Two messages that work very well in the African-American community (and frankly, the African American community is really tough for us, so we've really got to move them): The children of unmarried parents deserve the same access to health care benefits and the same legal protections as children being raised by married parents. And that is a phenomenon that the African-American community is acutely aware of. There's multi-generations where you have grandparents raising kids -- very, very strong, and over 80 percent said they strongly agreed with that.

And then the other thing that worked in the African-American community is that our state constitution should guarantee that same legal protections to all citizens and should not single out one group to be treated differently.

Now, obviously, they didn't have gay and lesbian people in mind when they were thinking about that. They were thinking about their own racial experience. But there is a norm there, and God knows there's the validators for that norm with the ACLU's opposition and the NAACP's opposition. And I would just emphasize the NAACP's opposition, as well, and the ministers who are opposed to it. So those were the two things that were really strong in that community. The children of unmarried parents are a very familiar topic in the African-American community, and the state constitution should guarantee the same legal protections to all citizens and not single out one group to be treated differently.

The issue here is that we've got to completely change the issue terrain, and that takes money. We have winning messages. Our problem is that people, if they just go into the ballot box without being exposed to our campaign, are going to think, "Marriage is between a man and a woman. And I believe in that."

Sadly, North Carolinians, including these primary voters, are very, very strong on that value. It's a very old, very religious primary electorate. They really, firmly believe that marriage is between a man and a woman and it should stay that way. We might all wish it were different, but over three quarters of all of our groups believe that strongly.

So we had to change the issue terrain. That's the storyline in their head right now. We've got to switch it to these unintended consequences, these harms that can come and these things we don't want to do, starting out with poorly written, unintended consequences, and this is what it's going to do. So we have to completely reframe the issue, and that takes money. We can do it; I'm very, very confident in our ads and in our mail. We have a team that can deliver the emotional content that we need. But they have to have the money to do it.

[Prop 8 campaign manager Frank] Schubert's coming in. Good job, [coalition,] you scared them. The bad news is: they're scared, and they brought in their tops guns. And we know we can expect them to use children against us, and I personally think that, win or lose, we can beat them back on children. Winning, God willing, or even losing by a modest margin -- that will change this movement forever, if we can take away from them the ability to hammer and hammer and hammer us. I'll never forget in Hawaii that they started with showing little kids and dogs and implication being bestiality. Just horrific stuff.

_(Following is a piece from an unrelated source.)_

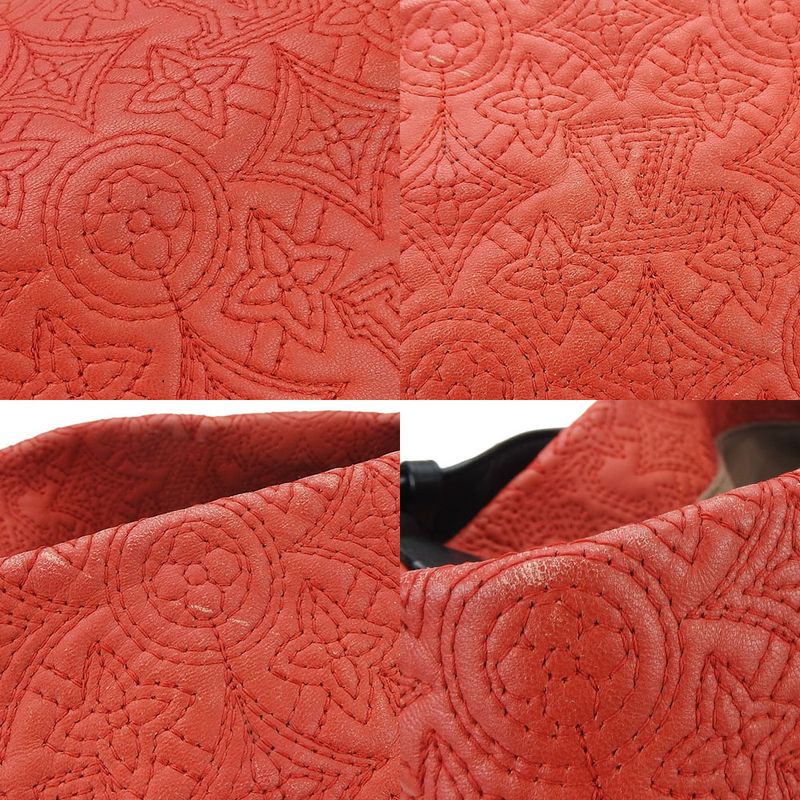 Louis Vuitton Shoulder Bag Hobo GM Monogram Anthea Leather Red Black — view 5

I mean we have been, in our movement, on the run on kids for decades. And it's time to take it back. And we can. We can in tough terrain, in a tough state, and I think we can change forever the terrain in which we're operating -- and that alone, I hope, will motivate people to give money to make sure that this campaign gets that message out. Because if it starts to run on kids and then we're beaten badly, it's the worst of all worlds, because we didn't get out our message on kids, people will think, "Oh, wow. We'll never be able to win this thing on kids." And the answer is: yes, we can! We can take it back. We can take this terrain back now.

And that's the message that's going to be taken into other states. And honestly, if we win with the children's argument, I think it's hard to overstate the difference this would make for this movement, as well as how everyone in this community is going to feel. It's nice to be able to stand up for all of our kids for a change.